As a youngster in Israel, Benjamin Kahn's greatest pleasure was to go snorkeling with his dad in the Red Sea. The reefs of Eilat were an underwater wonderland, where forests of coral teemed with sea horses and with schools of pulsing, multicolored fish that looked as though they had been splashed by a clown's paintbrush.

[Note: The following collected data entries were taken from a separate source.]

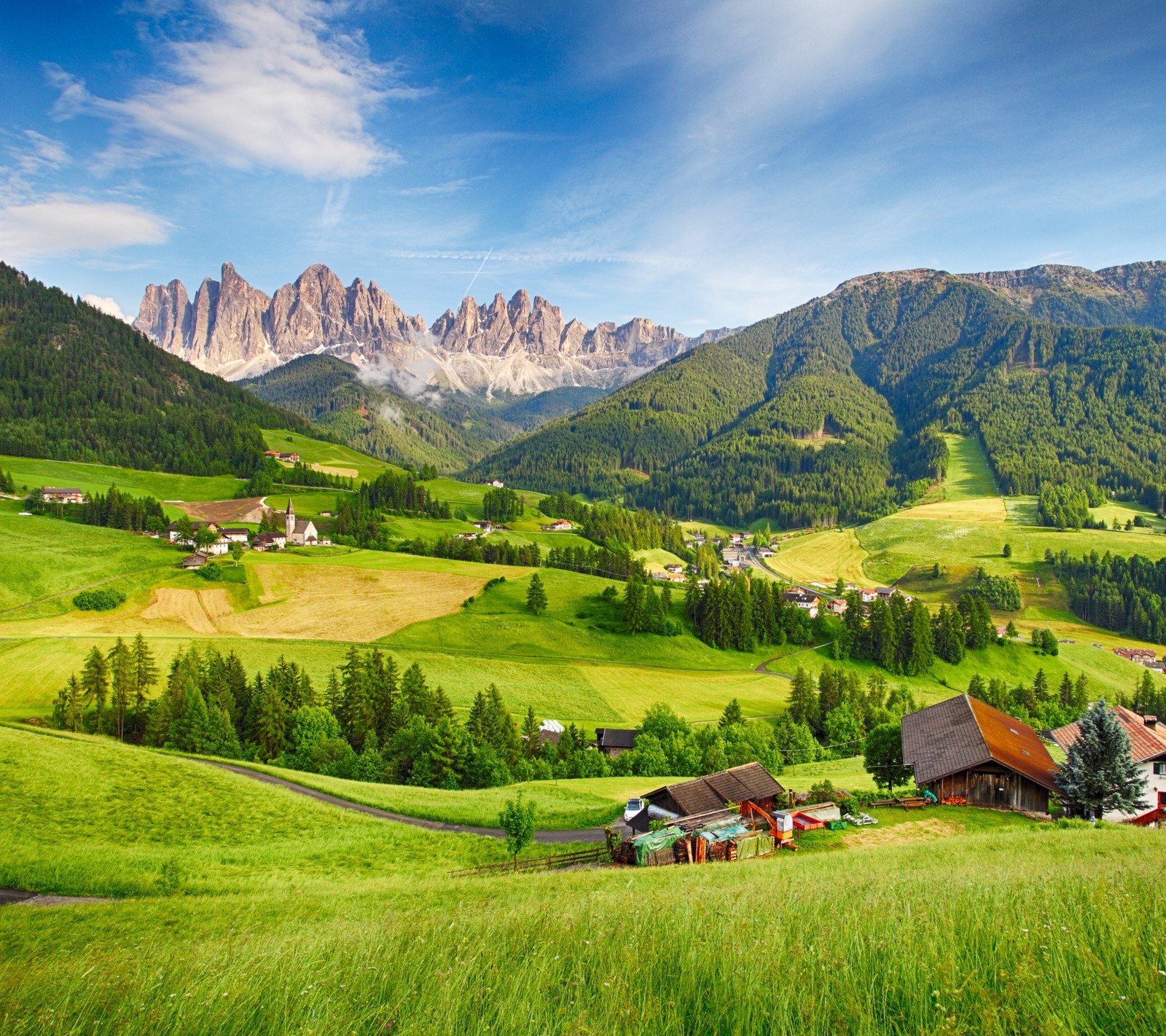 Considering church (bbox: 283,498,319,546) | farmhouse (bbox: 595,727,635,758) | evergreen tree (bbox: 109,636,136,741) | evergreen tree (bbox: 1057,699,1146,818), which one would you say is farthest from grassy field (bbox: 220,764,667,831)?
church (bbox: 283,498,319,546)

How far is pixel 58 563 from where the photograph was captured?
9625 centimetres

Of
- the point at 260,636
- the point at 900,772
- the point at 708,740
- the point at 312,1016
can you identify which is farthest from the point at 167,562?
the point at 312,1016

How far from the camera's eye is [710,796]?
3381 cm

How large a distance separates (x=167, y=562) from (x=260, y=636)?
33.4m

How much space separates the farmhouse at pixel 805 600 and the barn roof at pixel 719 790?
91158mm

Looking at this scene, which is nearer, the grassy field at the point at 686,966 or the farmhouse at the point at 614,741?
the grassy field at the point at 686,966

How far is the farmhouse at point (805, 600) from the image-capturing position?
127 m

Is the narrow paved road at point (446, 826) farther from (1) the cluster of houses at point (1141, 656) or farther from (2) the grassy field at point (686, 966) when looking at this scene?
(1) the cluster of houses at point (1141, 656)

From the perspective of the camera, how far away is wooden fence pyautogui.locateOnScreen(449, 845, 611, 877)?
26177 mm

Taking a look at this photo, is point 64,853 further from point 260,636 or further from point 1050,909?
point 260,636

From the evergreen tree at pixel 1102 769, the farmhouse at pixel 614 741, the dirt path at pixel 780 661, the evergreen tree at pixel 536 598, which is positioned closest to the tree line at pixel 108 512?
the evergreen tree at pixel 536 598

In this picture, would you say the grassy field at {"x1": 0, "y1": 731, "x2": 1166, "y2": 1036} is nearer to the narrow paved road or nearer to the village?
the village

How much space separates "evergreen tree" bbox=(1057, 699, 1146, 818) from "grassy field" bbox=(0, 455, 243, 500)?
171725 millimetres

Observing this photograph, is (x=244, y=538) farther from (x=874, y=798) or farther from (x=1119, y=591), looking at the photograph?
(x=1119, y=591) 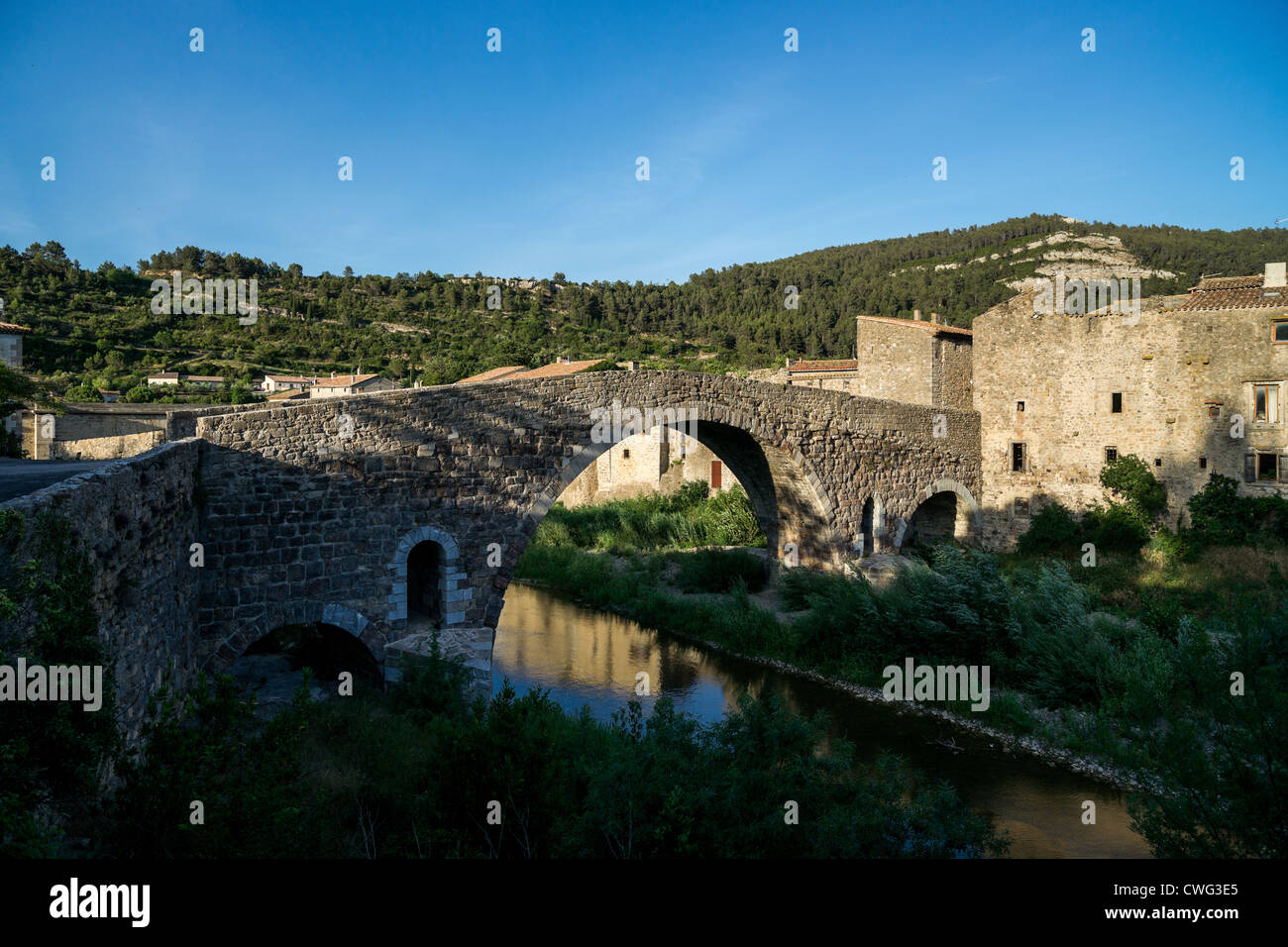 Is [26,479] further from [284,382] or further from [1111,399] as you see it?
[284,382]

Kahn studied marine biology and left Israel for the U.S. and Australia to help tend the investments of his father, Morris, a software and telecommunications billionaire. When he came back in 2000 to live in Israel and dive again regularly in the sea of his childhood, Kahn was horrified by what he saw: the once-azure water was now murky. The Red Sea reef had possessed the greatest variety of coral and undersea life anywhere in the world. But most of the vibrantly colored fish were now gone. All but the hardiest of 30 coral species had died off, and the reef itself had withered into a sandy, underwater boneyard. "I knew that if the reef was going to survive, someone had to fight for it," says Kahn.
He was uniquely placed for the battle: he had expertise (his family owns seven giant aquarium parks around the world, including one in Eilat) and he had lots of money. First, Kahn tapped his family's marine-park scientists to come up with new ways of regrowing the battered coral. Today, after every storm, Kahn and his divers collect the fragments and give them to 5,000 school kids to grow like saltwater saplings for months in classroom tubs. Then divers carefully glue the living fragments back onto the reef.
But his toughest fight was on land, against politicians and businessmen. Kahn's experts figured out that the reef began dying when giant fish farms, which provide 15% of the fish on Israeli tables, were built in 1997. These cages were spewing tons of uneaten food and excrement onto the reef. "It was the same as if a town of 60,000 people were dumping its sewage straight into the sea," says Kahn. Acting through Zalul, an Israeli clean-water advocacy group, Kahn fought the powerful lobby of fish-cage owners in the courts and won. A third of the cages were dismantled last year, and the Israeli courts ruled that remaining cages must be cleared away by mid-2008. "When all the cages are gone, maybe the reef can revive itself," says Kahn. "It's our only chance to regain the amazing vibrancy the reef once had." Meanwhile, Kahn can usually be found several fathoms down, tending his reef like a deep-sea gardener.